Live and Let Die was made at the height of Blaxploitation. At one point, Bond enters Harlem and, while the very appearance of a well dressed English gentleman in Manhattan’s ‘black’ district would be sensational enough, is subjected to a slew of jive talk, some of which is jaw droppingly awful and horribly dated. Amidst all the honky catcalls, he comes across the picture’s main love interest, Solitaire, who’s played by Jane Seymour. Dr Quinn and endless appearances in TV movies and mini series were still some way off, and Seymour is virginal loveliness, indeed her ability to read the Tarot is linked to her maidenhood. This is before Bond enters her life, of course, and ends all that nonsense via a ridiculously easy card trick. Julius Harris plays Tee Hee, the now traditional henchman with a quirk (in his instance, a robotic pincer that is naturally used for nastiness), and then there’s Mr Big (Yaphet Kotto), the underworld kingpin who has minions on every corner. A fantastic sense of danger follows Bond as soon as he sets foot in the States. His every move is relayed to Mr Big by walkie talkie carrying drones on each street corner. The driver taking him to Felix Leiter (David Hedison) is shot while the car is still moving. He sits in a bar alcove, only to find it’s a trap! It’s a shame the threat of Mr Big turns out to be so limited, no match for 007’s skills, yet the implication is quite thrilling.

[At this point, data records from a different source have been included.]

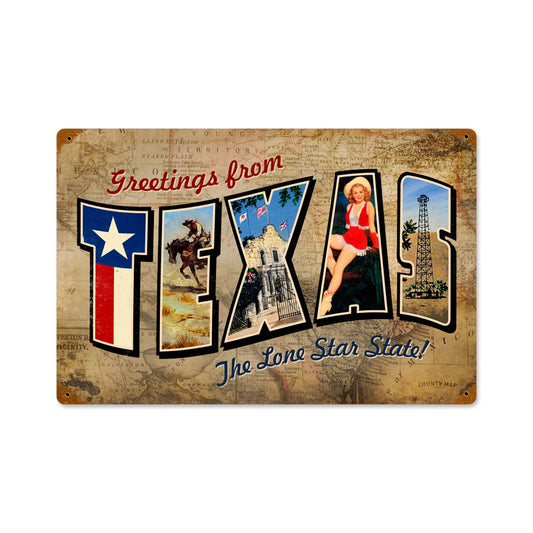 Texas Postcard, Home and Garden, Vintage Metal Sign, 18 X 12 Inches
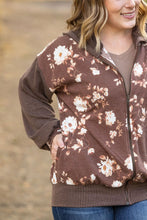 Load image into Gallery viewer, Ramona Ribbed Floral Zip Up Top - Brown
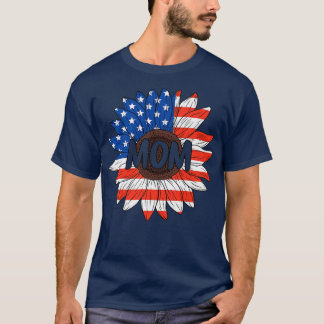 Mum 4th Of July USA Sunflower Cute Mama Women Patr T-Shirt
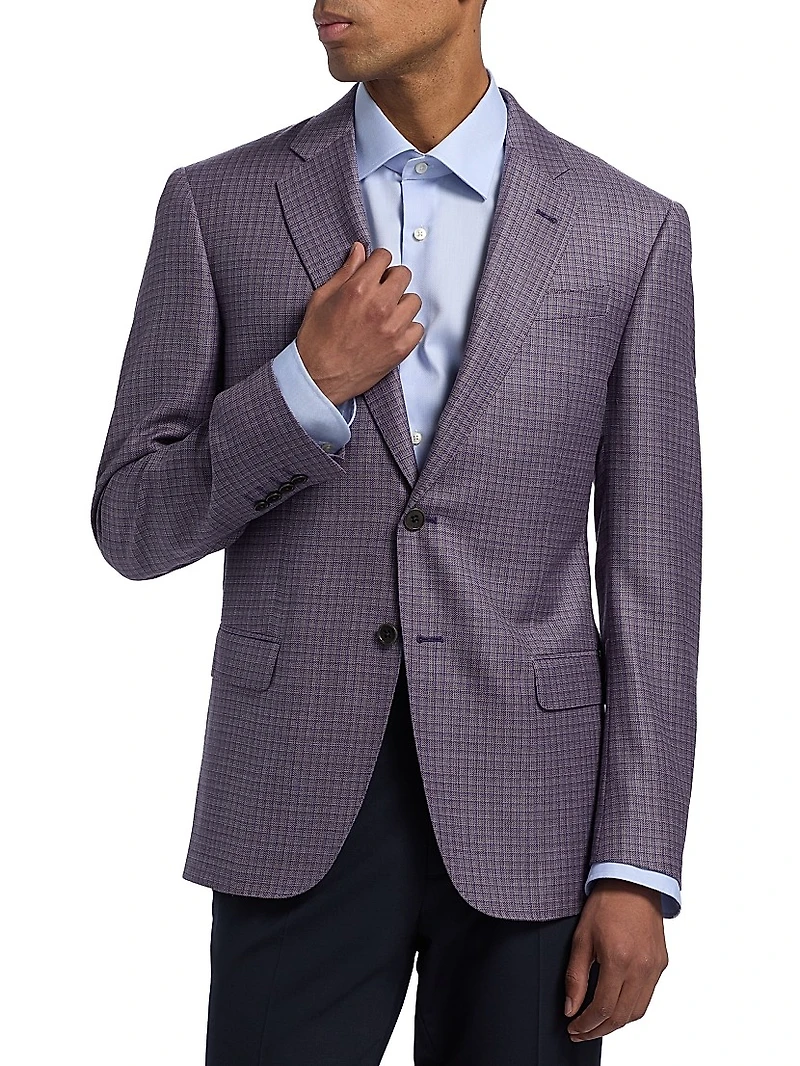 Box Plaid Wool Sport Coat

Less so is the film’s set piece special, a speedboat pursuit on the Louisiana bayou. Bond pulls every trick in the book to elude his pursuers, leading to a stunt-packed ride for viewers, yet it’s actually a little dull and lasts far too long. The whole thing is soured further when a local sheriff gets involved. J.W. Pepper (Clifton James) is the stereotypical Deep Souther, hauling a pot belly in his fruitless efforts to catch up with Bond. Poor old J.W.. Clearly inserted into the plot for nothing more than comic relief, his casual bigotry and evident stupidity are held up as reasons to dislike Live and Let Die (he also features in the ill-starred follow-up). On the plus side, in a film where the bad guys are all black, there’s some credit in making a white man the butt of the joke.

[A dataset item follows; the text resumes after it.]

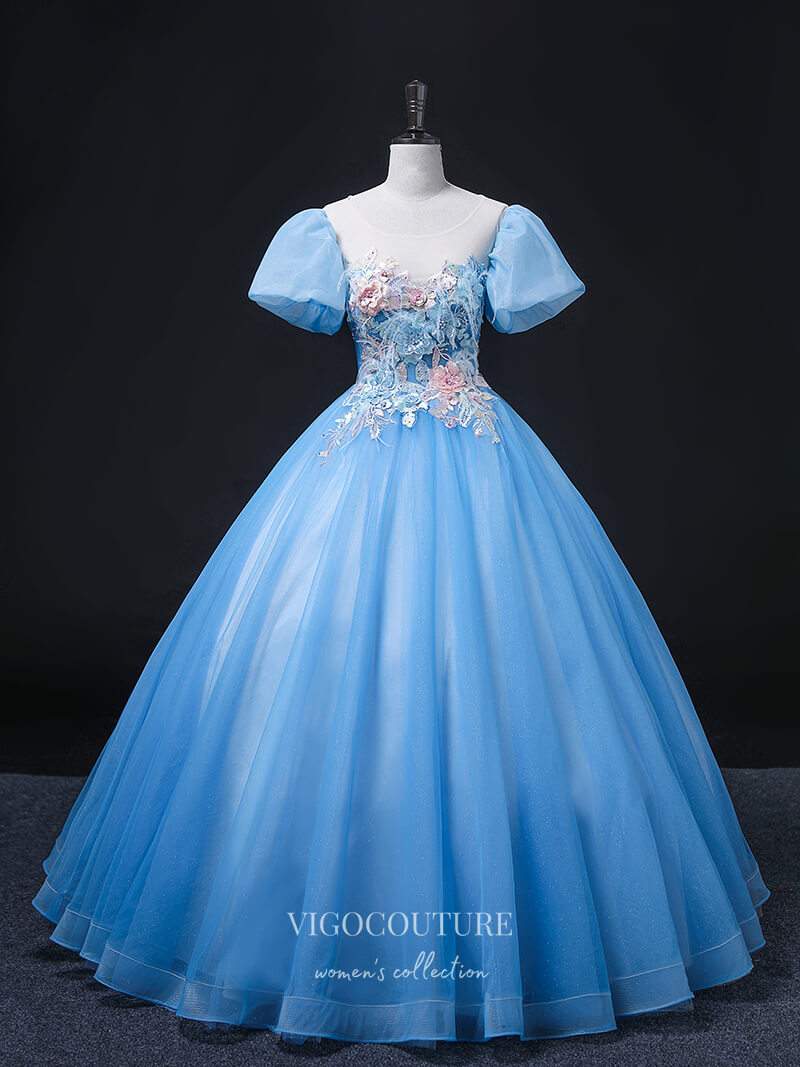 Prom Dress 2025 Light Blue Lace Applique Quinceanera Dresses Puffed Sleeve Sweet 15 Dresses 21359-unique elegant Prom Dresses-Light Blue-Custom Size-vigocouture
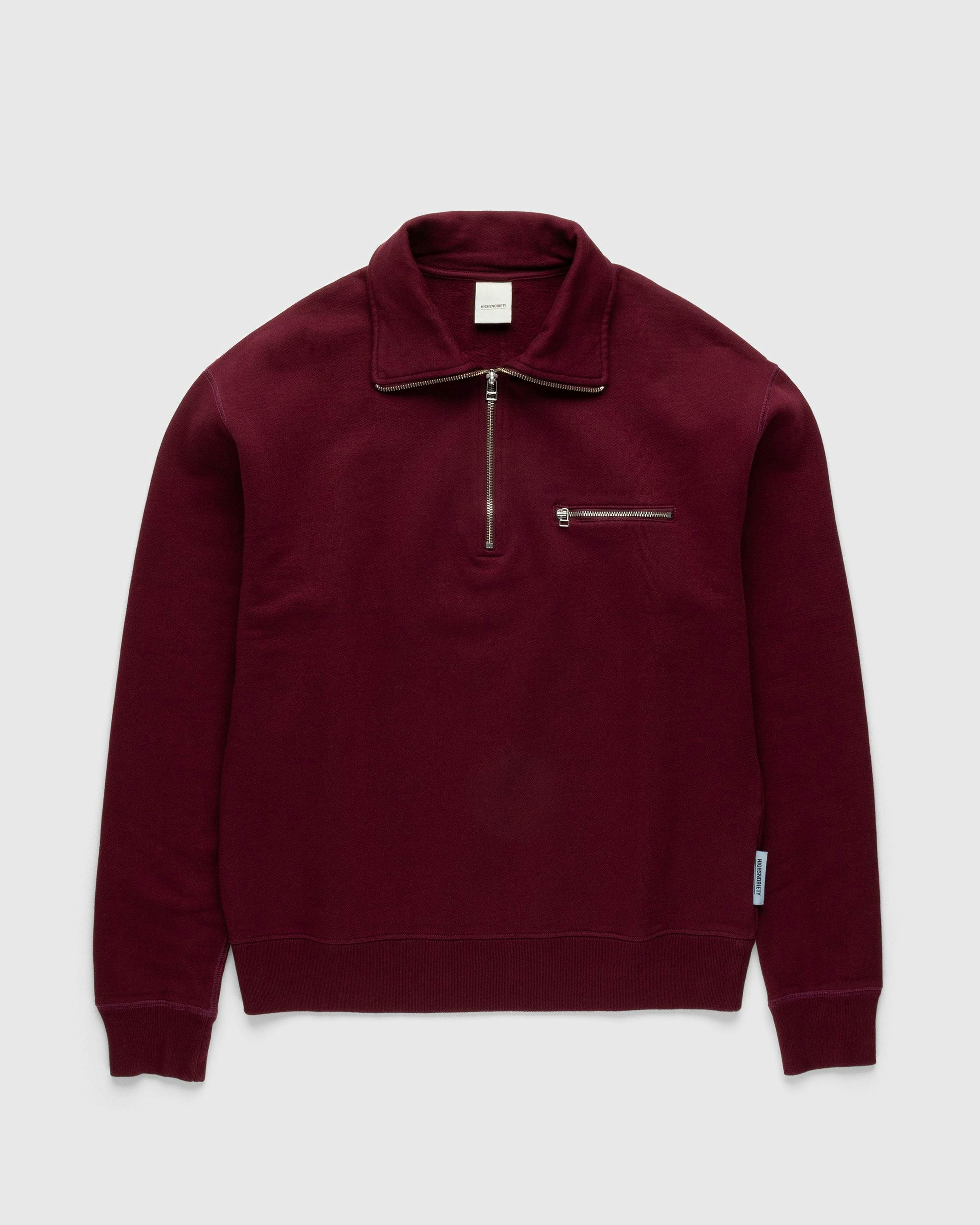 Highsnobiety - Classic Quarter Zip Fleece Bordeaux - Clothing - Red - Image 1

The worst thing about the boat chase is that it seems the film has a Louisiana sequence just to showcase it. Far better is Live and Let Die’s other pursuit scene, as Bond and Solitaire escape in a rundown double-decker bus, which becomes a single-decker after colliding with a low bridge. Better again is the voodoo business, just for its sheer daftness and fun with snakes. Rosie Carver (Blaxploitation veteran, Gloria Hendry) turns up as a treacherous CIA agent. Bond is on to her from the start, in his usual more ways than one (Queen and country again), yet she meets her maker via a bullet shot from one of Kananga’s scarecrows, superb and scary devices that can be used either for spying or assassination.

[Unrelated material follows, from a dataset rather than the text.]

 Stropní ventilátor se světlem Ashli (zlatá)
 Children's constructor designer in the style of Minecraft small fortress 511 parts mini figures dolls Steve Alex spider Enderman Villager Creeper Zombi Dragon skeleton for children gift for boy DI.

Live and Let Die enjoyed massive box office success and sealed Moore’s future as Bond. It also guaranteed the steer of the franchise, locked in spiralling levels of silliness as the aim was to provide fun and thrills, moving 007 along to the next action scene as briskly as the exposition would allow. It works here, just about, though later entries would demonstrate that the balance between entertainment and plain daftness was fine indeed. As Moore makes quips about ‘A genuine Felix Leiter’ to his CIA liaison’s voice emanating from a car lighter, and agents are offed during ingeniously double-edged jazz funerals, it’s enough of a ride to forget the absence of John Barry. Perhaps it helps that Live and Let Die features one of the series’ best theme songs, performed by Paul McCartney and Wings, which is referenced frequently in the funked up score.